◆ Short text fragments from websites:
********************

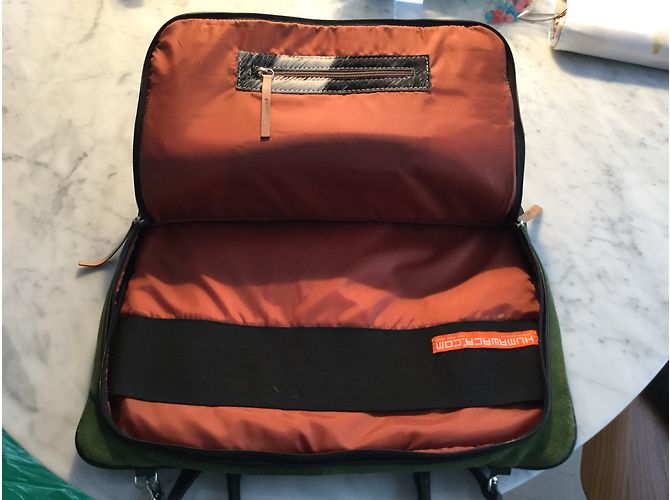 Autre Marque Borsa da viaggio in scamosciato verde - vista 3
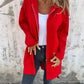 Light Womens Long Hoodie - Fitted Zip Cotton Layering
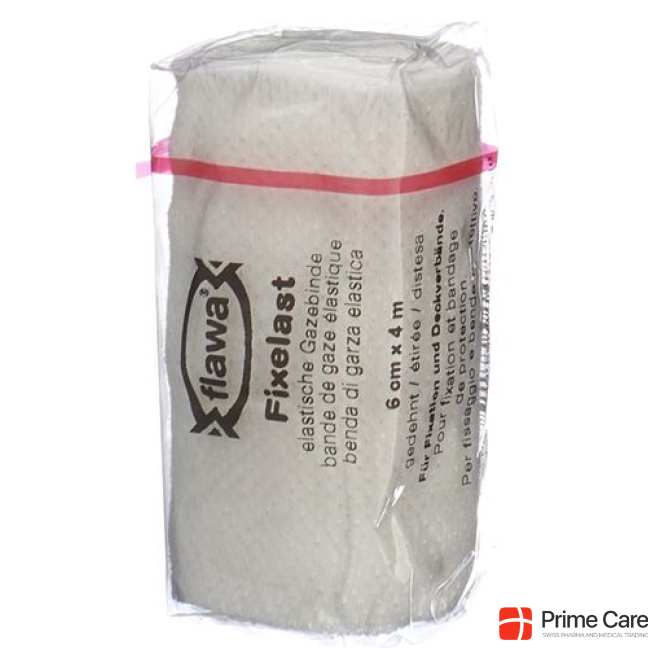 Flawa Fixelast gauze bandage 4mx6cm white Cellux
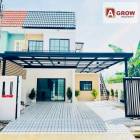 หมู่บ้านบัวทอง 4 ถนนบ้านกล้วย-ไทรน้อย หลังมุม ตกแต่งครบพร้อมเข้าอ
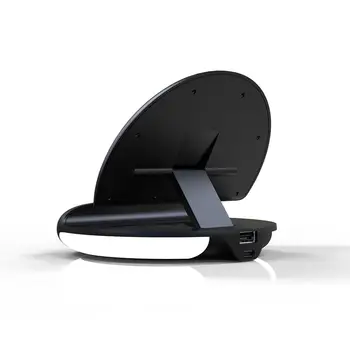 

Alarm Clock Wireless Charger 10w QI Fast Charging Multi-functional Room Office Bedroom for IPhone 8 Plus FOR Samsung Xiaomi IX99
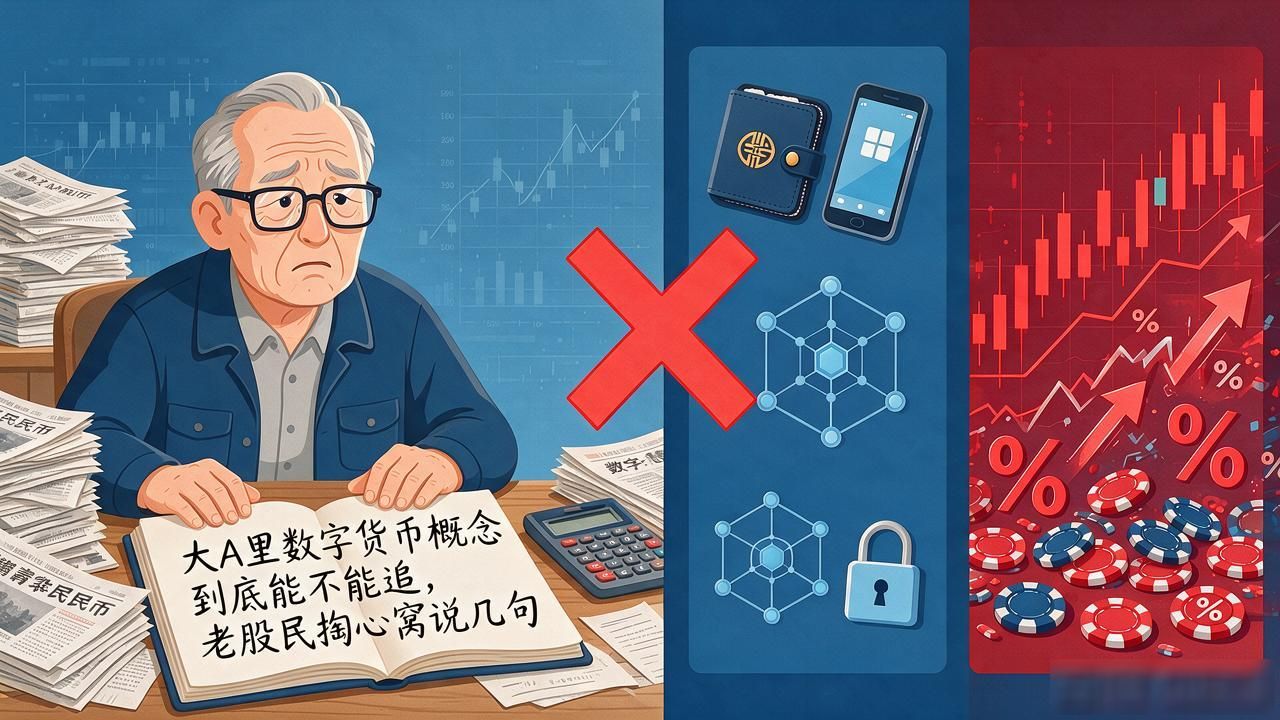 大A里数字货币概念到底能不能追,老股民掏心窝说几句
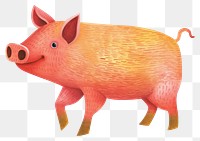 PNG A pink pig animal mammal boar.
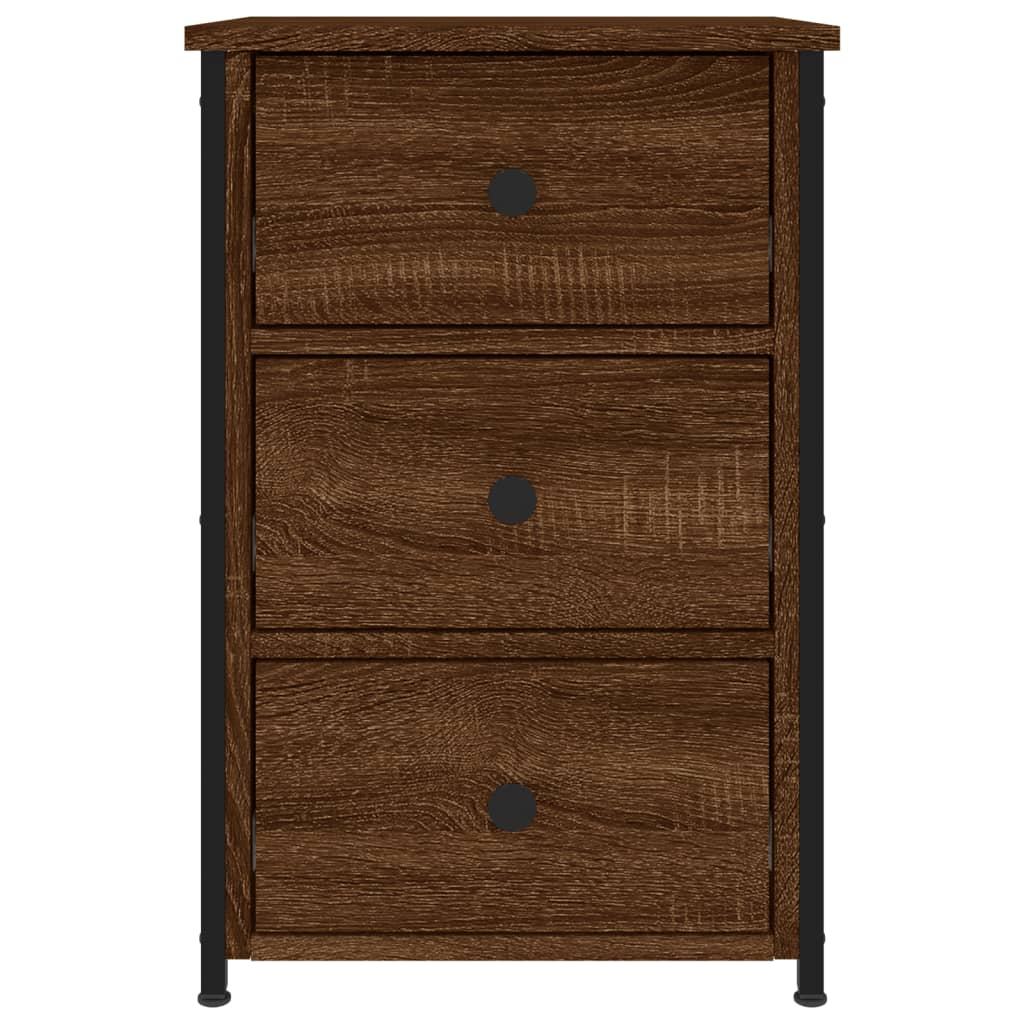 Tables de chevet 2pcs chêne marron 40x36x60cm Bois d'ingénierie - XIOS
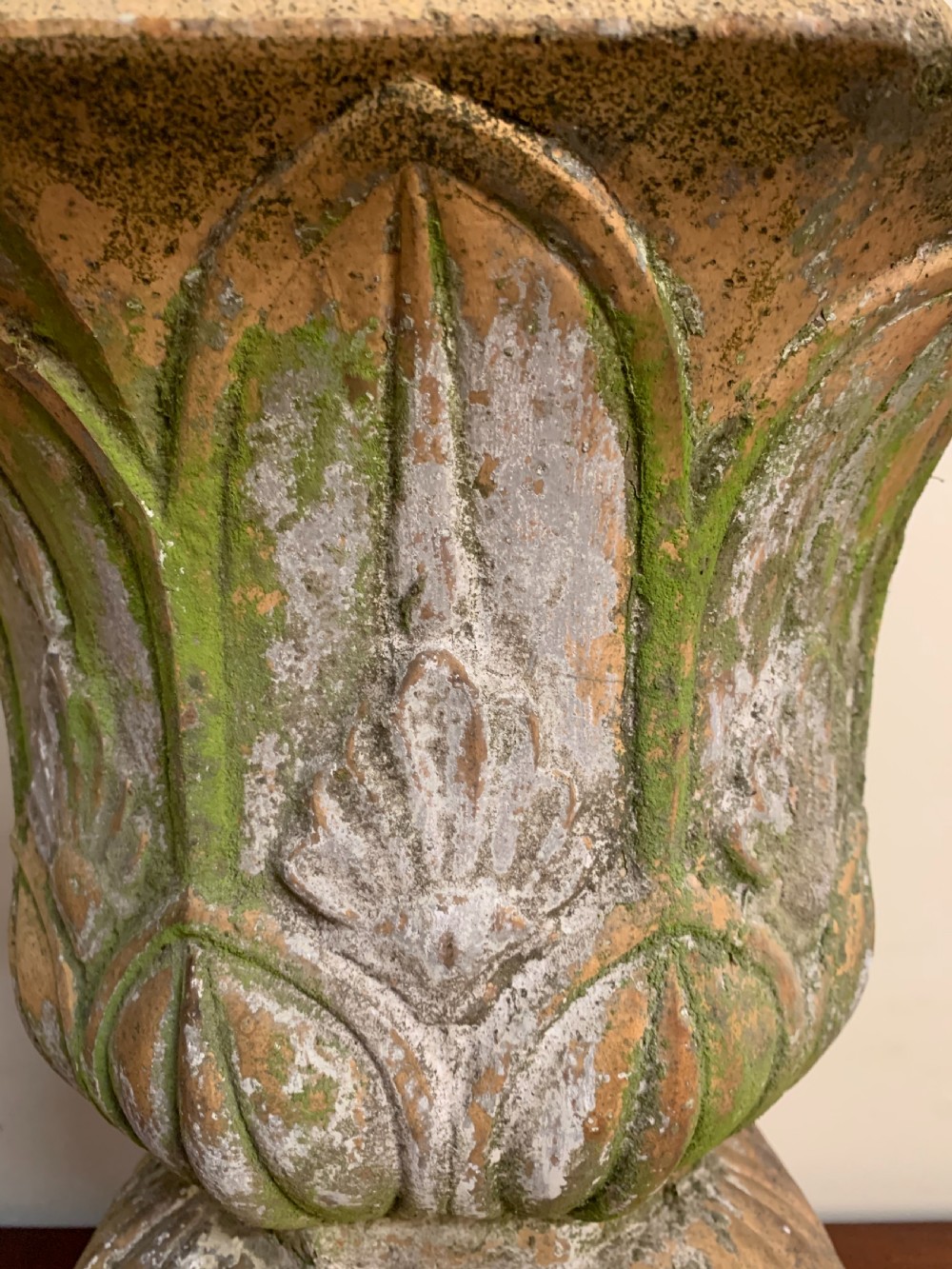 Scottish terracotta garden urn View VI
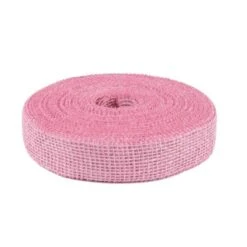 Jute 5cmx40mtr Roze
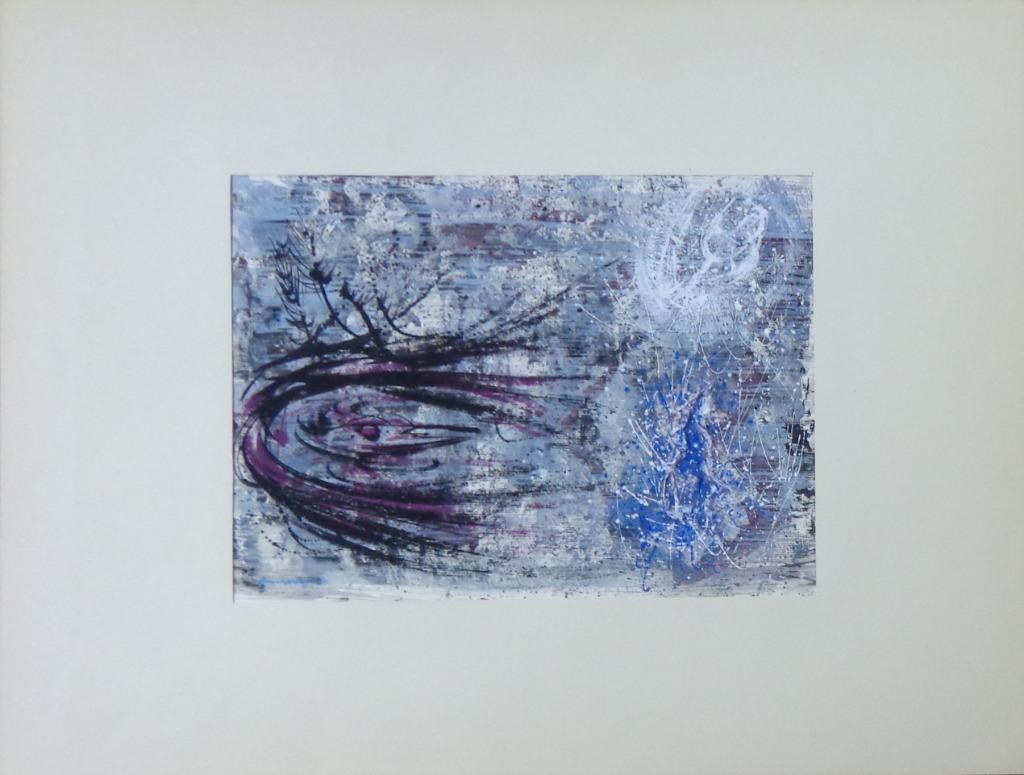 JAN VAERTEN / ABSTRACTIE / ORIGINEEL WERK / 50x65cm / SIG, Ophalen of Verzenden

********************

◆ Task goal:
In the entries above, find the line containing "Flawa Fixelast gauze" and the line containing "Jute 5cmx40mtr Roze", then copy both and every line between them exactly, without any picture.

◆ Output for this exercise:
 Flawa Fixelast gauze bandage 4mx6cm white Cellux
 หมู่บ้านบัวทอง 4 ถนนบ้านกล้วย-ไทรน้อย หลังมุม ตกแต่งครบพร้อมเข้าอ

Alarm Clock Wireless Charger 10w QI Fast Charging Multi-functional Room Office Bedroom for IPhone 8 Plus FOR Samsung Xiaomi IX99
 大A里数字货币概念到底能不能追,老股民掏心窝说几句
 PNG A pink pig animal mammal boar.
 Tables de chevet 2pcs chêne marron 40x36x60cm Bois d'ingénierie - XIOS
 Scottish terracotta garden urn View VI
 Jute 5cmx40mtr Roze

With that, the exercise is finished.